Computational Biology Program
The Computational Biology Program focuses on the development and application of computational methods to improve the diagnosis, prevention and treatment of diseases in the context of personalize medicine. The program currently has two main lines of research: One focused on the analysis of transcriptomic data, both at bulk and single cell resolution; and the other one focused on developing new file formats for storing and accessing omics data.
Reverse engineering the transcriptome via Machine Learning methods
Genes and their corresponding pathways form networks that regulate various cellular functions that are critical in tumor development. These networks, coined Gene Regulatory Networks (GRNs), define the regulatory relationships among genes and provide a concise representation of the transcriptional regulatory landscape of the cell. Further, different phenotypes can lead to activation of different functional pathways by different global rewiring of the underlying GRNs. Further, with the use of single-cell RNA sequencing (scRNA-Seq) technologies, it is now possible to acquire gene expression data for each individual cell in samples containing up to millions of cells. These cells can be further grouped into different states along an inferred cell differentiation path, which are potentially characterized by similar, but distinct enough, gene regulatory networks. Hence, it would be desirable for scRNA-Seq GRN inference methods to capture the GRN dynamics across cell states. However, current GRN inference methods produce a unique GRN per input dataset (or independent GRNs per cell state), failing to capture these regulatory dynamics.
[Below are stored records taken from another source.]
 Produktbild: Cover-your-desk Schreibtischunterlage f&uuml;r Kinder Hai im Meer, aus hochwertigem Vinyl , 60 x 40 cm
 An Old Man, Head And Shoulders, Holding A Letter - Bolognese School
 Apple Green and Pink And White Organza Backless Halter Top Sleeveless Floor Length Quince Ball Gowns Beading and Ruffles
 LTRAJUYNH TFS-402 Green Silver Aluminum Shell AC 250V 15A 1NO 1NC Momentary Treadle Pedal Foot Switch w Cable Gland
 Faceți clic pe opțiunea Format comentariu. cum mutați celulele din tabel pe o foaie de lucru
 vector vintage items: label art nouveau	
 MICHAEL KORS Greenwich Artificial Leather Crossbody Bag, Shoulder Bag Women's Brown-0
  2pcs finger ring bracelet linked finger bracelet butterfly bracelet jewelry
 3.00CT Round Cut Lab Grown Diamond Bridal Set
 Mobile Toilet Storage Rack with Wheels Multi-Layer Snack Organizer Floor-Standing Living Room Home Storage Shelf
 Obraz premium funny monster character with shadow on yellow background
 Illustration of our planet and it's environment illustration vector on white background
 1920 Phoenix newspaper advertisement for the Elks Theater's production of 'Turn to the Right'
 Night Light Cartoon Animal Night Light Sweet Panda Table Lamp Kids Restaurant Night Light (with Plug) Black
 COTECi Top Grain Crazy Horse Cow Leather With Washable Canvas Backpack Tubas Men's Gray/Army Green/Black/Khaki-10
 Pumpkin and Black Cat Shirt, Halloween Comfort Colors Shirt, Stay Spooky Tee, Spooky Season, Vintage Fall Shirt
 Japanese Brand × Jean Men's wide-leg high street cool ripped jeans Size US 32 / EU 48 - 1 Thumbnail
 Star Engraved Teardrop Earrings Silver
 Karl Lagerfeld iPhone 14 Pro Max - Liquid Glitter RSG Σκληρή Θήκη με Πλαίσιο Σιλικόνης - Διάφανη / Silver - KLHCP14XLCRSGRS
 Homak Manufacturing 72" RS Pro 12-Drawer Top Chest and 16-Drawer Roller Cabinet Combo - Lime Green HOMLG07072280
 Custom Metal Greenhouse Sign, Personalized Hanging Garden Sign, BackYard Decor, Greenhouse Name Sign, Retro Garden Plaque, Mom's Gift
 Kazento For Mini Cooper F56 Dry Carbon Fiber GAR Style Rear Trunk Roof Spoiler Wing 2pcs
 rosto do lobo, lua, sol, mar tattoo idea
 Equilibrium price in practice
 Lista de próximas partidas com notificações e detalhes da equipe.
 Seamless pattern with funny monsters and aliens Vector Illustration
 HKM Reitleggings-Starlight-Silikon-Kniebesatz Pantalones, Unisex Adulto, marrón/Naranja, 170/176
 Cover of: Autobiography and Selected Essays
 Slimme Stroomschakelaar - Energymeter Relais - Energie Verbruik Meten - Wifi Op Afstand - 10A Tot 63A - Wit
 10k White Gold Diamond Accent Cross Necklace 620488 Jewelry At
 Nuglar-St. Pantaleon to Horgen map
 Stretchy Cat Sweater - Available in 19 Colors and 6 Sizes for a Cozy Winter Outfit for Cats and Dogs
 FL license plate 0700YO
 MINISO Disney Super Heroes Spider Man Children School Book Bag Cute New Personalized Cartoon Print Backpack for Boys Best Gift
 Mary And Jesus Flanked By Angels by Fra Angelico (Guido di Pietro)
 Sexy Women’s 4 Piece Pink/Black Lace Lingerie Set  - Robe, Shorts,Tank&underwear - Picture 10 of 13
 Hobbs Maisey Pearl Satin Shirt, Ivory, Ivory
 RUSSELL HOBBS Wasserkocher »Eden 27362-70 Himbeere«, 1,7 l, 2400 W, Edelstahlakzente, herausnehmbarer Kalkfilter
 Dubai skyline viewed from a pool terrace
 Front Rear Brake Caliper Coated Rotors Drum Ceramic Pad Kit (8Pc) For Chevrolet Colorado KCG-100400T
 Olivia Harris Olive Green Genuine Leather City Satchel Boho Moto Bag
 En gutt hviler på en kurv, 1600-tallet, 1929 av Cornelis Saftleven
We are currently developing several methods for uncover the underlying transcriptional rewiring based on both bulk and single cell RNA-Seq data, and applying them to several diseases. We envision that the developed methods will provide additional novel insights to the understanding of the key transcriptional rewiring associated with several cancer malignancies, increased by our ability to follow up in the clinic.
Standards-based compression and encryption of genomic data for cancer research
Genomic medicine is an emerging field in cancer and is evolving rapidly regarding technology, the magnitude of data generation, organization and analyses. Currently, next-generation sequencing (NGS) technologies (such as whole genome sequencing (WGS), whole exome sequencing (WES), transcriptome, etc.) are used in a research setting; it is still not a common practice to use omics data in clinical care. At present, the majority of cancer patients receive treatments that are minimally informed by omics data; electronic medical records consist of patient-centric data (such as cancer diagnoses, medical history, demographics, imaging, vital signs, lab results, medications, etc.). However, cancer genomic data is not stored or queried through electronic medical records. As the price of sequencing goes down, the majority of the cancer patients will be sequenced in the clinic for diagnosis and treatment and as more samples are sequenced data management needs will arise, and large volumes of data must be compressed, stored, and securely and efficiently accessed.
Given the pressing matter to address the genomic data growth issues, there has been several specialized compressors for genomic data proposed in the last 10 years, some achieving outstanding compression gains. Among those, the CRAM format is the one that has seen wider adoption. However, the original human-readable format (known as FASTQ and SAM files) are still largely compressed using inefficient general-purpose compression schemes, such as gzip. The main challenges for the adoption of efficient specialized formats are i) the lack of guarantees for long-term support, ii) technical limitations for efficient fine-grained selective access on the compressed data, and iii) lack of support for integrated annotation and encryption of compressed genomic information. Therefore, an urgent need exists to develop new formats for the representation of genomic information that can address these limitations and the informatic tools that draw on these new formats to provide the field of cancer genomics with a unified framework for effective and secure data storage and retrieval.
We are developing a new format for genomic information representation that builds upon the current efforts by the International Organization for Standardization (ISO) to generate a set of specifications for a standard-based representation of these data. We are also building the informatic tools that act on the newly proposed formats to generate the needed framework for efficient and secure handling of the genomic data. The proposed framework has the potential to accelerate the field of cancer genomics, since it provides the means to aid (re-) analysis of the genomic data by allowing efficient selective access on the compressed data, to reduce storage and transmission burden, to provide a secure and efficient sharing of re-analyzed data, and to annotate newly discovered copy number variations (CNVs) directly on the compressed data, among others.
"Uncovering biomarkers via machine learning methods to improve diagnosis, prevention and treatment of diseases in the context of personalize medicine”,
Dr. Mikel Hernáez, Program Director.